** Opening Source data block **
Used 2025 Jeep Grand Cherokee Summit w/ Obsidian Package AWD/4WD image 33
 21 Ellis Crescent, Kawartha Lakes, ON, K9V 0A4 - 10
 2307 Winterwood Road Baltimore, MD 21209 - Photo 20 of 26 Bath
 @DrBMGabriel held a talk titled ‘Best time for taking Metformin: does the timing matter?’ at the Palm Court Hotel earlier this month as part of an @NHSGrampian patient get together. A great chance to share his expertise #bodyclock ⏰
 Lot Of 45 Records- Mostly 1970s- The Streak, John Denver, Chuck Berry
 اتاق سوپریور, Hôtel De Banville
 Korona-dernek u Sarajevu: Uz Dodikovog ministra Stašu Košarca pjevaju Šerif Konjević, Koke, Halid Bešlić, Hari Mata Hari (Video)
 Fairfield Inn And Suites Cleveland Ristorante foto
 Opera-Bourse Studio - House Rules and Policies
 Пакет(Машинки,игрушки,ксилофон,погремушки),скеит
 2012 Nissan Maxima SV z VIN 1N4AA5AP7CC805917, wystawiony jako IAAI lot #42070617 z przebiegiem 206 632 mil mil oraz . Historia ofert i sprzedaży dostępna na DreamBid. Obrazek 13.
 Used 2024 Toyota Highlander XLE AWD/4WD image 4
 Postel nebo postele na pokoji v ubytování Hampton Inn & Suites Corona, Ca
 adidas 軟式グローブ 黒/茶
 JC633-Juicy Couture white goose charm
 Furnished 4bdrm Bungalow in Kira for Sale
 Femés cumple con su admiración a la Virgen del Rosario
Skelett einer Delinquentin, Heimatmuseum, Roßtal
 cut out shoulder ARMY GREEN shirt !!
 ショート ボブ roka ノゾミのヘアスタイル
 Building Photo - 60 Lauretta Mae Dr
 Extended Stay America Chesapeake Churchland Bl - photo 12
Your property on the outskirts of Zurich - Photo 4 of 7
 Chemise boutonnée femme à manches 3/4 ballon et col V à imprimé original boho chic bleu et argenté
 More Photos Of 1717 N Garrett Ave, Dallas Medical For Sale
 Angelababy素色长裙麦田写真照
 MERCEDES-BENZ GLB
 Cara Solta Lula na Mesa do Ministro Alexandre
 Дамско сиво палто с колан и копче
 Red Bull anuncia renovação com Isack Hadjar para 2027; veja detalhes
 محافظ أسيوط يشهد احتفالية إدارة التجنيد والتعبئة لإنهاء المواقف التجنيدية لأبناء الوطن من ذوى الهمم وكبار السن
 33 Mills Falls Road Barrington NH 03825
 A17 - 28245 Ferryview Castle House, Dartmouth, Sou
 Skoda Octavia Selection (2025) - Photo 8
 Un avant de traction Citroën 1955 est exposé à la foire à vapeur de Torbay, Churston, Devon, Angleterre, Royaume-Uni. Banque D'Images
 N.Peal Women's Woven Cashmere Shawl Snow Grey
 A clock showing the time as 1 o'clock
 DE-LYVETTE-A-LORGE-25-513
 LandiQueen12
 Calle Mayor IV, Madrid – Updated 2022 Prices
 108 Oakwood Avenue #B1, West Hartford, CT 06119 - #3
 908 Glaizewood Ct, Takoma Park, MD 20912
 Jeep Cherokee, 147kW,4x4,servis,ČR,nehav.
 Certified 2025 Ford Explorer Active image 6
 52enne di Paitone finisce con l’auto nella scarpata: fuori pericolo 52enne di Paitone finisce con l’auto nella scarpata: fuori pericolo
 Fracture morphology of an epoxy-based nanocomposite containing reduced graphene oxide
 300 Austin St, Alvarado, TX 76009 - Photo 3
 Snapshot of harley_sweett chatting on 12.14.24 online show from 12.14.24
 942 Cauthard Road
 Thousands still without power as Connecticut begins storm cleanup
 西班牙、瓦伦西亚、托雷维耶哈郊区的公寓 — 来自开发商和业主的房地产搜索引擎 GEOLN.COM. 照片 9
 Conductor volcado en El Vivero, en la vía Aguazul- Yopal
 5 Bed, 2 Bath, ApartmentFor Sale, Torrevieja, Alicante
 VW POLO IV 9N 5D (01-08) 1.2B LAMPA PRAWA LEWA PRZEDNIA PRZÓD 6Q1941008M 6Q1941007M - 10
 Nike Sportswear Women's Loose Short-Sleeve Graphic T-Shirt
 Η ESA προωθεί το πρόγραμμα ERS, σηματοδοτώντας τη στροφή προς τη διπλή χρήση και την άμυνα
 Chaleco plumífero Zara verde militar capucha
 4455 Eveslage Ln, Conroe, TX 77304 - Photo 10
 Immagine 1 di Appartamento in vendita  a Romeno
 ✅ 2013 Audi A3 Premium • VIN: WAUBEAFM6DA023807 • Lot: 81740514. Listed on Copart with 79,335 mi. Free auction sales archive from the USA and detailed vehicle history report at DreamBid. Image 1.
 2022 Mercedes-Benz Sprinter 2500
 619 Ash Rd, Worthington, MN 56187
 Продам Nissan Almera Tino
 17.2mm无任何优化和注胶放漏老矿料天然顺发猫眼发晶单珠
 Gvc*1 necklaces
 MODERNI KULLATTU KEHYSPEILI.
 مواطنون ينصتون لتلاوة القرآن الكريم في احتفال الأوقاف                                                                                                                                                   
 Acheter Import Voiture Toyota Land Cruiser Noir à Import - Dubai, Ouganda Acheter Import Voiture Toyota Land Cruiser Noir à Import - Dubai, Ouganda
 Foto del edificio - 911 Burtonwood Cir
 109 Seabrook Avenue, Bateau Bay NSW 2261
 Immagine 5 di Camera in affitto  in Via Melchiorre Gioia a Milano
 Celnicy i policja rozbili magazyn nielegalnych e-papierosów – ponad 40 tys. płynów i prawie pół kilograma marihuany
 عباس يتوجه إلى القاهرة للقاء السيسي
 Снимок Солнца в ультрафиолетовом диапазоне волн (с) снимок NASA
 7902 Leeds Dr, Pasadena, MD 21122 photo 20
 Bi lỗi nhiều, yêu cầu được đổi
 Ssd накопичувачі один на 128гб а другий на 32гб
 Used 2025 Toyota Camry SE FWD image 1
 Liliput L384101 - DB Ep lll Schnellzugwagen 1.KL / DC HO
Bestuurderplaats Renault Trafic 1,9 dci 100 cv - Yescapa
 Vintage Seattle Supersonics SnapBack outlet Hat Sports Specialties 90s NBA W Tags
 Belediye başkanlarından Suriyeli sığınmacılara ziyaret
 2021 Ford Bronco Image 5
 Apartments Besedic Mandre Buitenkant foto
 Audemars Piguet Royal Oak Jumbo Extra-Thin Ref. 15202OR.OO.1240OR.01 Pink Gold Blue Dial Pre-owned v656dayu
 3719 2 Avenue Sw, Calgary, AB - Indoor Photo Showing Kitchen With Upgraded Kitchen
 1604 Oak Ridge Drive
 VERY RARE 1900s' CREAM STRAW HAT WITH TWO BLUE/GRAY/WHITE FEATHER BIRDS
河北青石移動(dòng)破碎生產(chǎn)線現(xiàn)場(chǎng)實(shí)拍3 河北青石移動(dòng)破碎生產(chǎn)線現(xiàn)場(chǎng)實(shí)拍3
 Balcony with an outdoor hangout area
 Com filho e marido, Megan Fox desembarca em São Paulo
** Closing Source data block **
### What to produce
Reply by stating only how many lines in the listing hold the word "Suites".

### Written response
2